**Material for this exercise**
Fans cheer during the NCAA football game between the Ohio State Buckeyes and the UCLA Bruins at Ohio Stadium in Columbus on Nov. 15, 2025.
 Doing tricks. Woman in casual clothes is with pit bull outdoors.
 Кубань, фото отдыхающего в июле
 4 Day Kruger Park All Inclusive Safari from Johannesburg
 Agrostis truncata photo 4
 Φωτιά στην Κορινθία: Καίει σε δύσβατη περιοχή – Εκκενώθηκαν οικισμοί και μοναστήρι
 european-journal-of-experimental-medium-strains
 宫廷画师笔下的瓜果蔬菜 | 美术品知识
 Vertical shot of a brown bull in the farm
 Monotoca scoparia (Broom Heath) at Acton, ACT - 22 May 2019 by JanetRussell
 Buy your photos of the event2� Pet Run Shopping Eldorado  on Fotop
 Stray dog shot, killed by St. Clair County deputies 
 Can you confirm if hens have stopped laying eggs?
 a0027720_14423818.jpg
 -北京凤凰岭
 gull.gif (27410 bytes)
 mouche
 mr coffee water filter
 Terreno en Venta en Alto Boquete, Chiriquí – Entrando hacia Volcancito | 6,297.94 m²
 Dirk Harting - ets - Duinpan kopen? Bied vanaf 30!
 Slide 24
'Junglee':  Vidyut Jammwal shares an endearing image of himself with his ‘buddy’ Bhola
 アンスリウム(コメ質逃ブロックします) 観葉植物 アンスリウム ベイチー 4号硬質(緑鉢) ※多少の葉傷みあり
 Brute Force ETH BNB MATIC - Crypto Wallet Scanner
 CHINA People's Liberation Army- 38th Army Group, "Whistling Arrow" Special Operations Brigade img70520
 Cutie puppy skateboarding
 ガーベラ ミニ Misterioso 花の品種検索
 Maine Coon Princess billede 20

**Action item**
Where a line of the data above includes "shot", copy that line.

**Expected output**
 Vertical shot of a brown bull in the farm
 Stray dog shot, killed by St. Clair County deputies 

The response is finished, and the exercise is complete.